Merger law needs early look power, ACCC boss says Gina Cass-Gottlieb
Ms Cass-Gottlieb said the current law enabled “strategic behaviour” by merger parties to avoid the ACCC’s scrutiny. “It actually means we are unable to perform the important role that a merger assessment does for the Australian economy,” she added.
Ms Cass-Gottlieb said, for global transactions, the competition regulator was reliant on remedies imposed by foreign anti-trust authorities, and these were not always “fit for purpose” for Australia’s unique market.
The lack of early access to mergers and acquisitions also extended to some deals involving two domestic parties, she said.

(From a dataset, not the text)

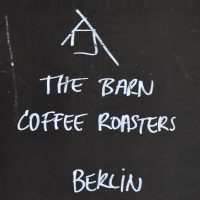 Detail from the A-board outside The Barn in the Sony Center, Berlin (in chalk, the wods "The Barn Coffee Roasters, Berlin" along with The Barn's logo.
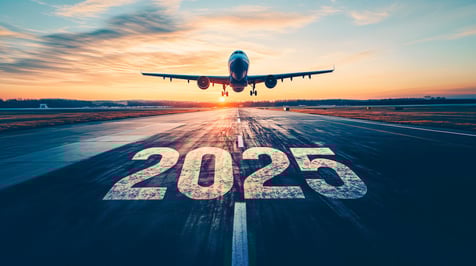 An airplane about to land with the numbers 2025 written across the tarmac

“In a time of such an uncertainty and such rapid change, the ACCC needs the time to move as early as possible to do a well-informed assessment. So we are commencing a process with government and discussing those questions,” she said.

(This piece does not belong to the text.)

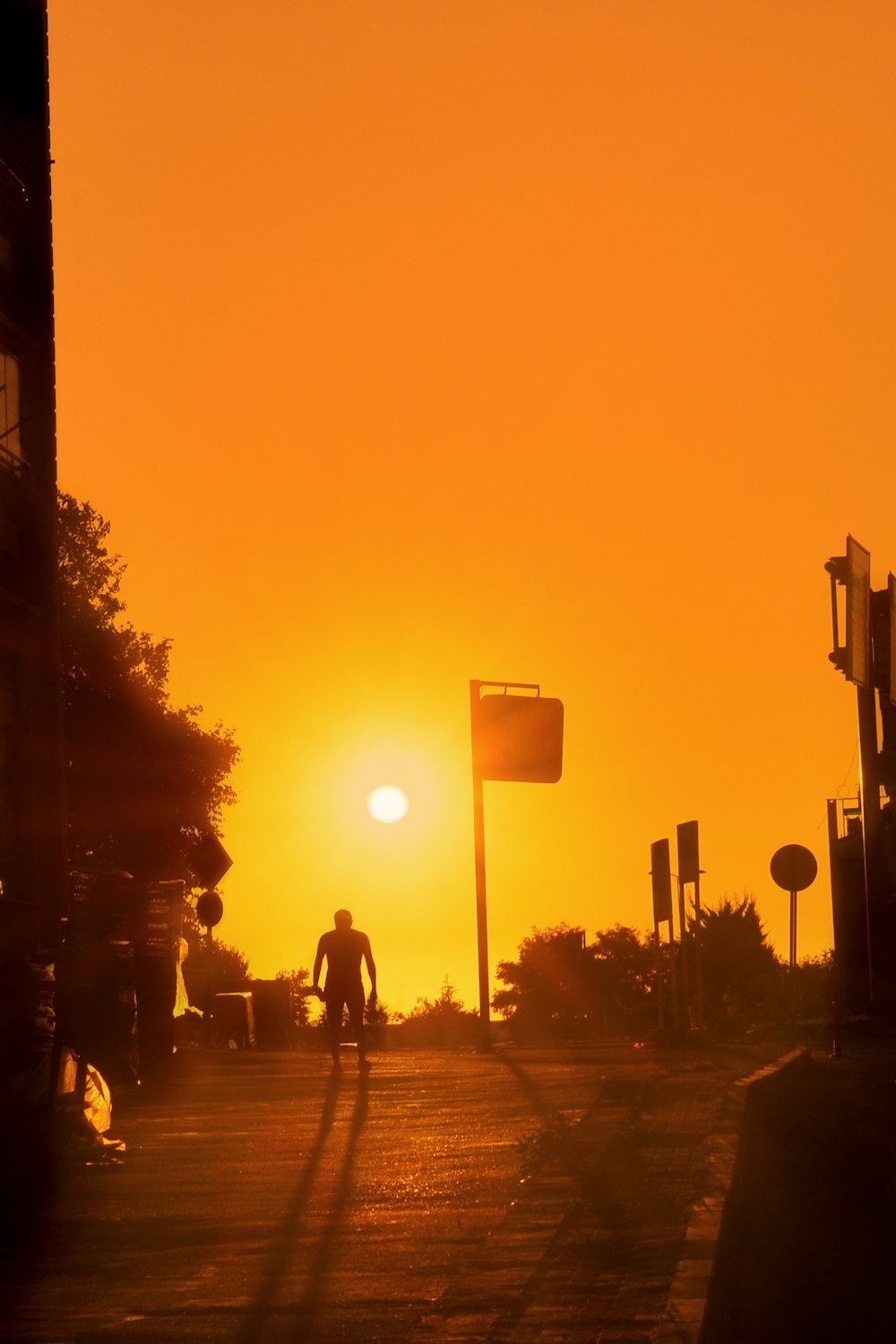 a person riding a bike down a street at sunset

Ms Cass-Gottlieb joined the ACCC as chairwoman in March 2022, after being widely recognised as one of the country’s top competition lawyers at Gilbert + Tobin.
While she was appointed by the Coalition, her interest in competition law reform is likely to carry weight with Labor Treasurer Jim Chalmers, who has spoken of the need to promote competition and valued her advice on a range of matters such as the gas market.

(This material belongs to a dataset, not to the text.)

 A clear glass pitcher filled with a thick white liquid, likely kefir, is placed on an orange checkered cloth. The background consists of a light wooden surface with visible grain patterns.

Whereas Ms Cass-Gottlieb’s flagging of potential merger law reform appears focused on the ACCC gaining earlier access to assess deals, her predecessor was more strident in calling for extra powers to block mergers and acquisitions.
The current legal test that the ACCC considers is whether a merger will have “the effect or likely effect of substantially lessening competition”.
Mr Sims, the previous ACCC chairman, has repeatedly called for tougher anti-merger laws, including to stop the big banks from buying emerging fintech competitors.
Mr Sims’ urging came after the ACCC under his leadership has lost several major court cases opposing mergers, including TPG Telecom-Vodafone Hutchison, Pacific National-Aurizon and AGL Energy-Macquarie Generation.
But in response to Mr Sims pleas, former ACCC chairman Graeme Samuel said the merger laws were not the problem, but rather the ACCC was picking the wrong cases to litigate or pursuing the wrong legal strategy.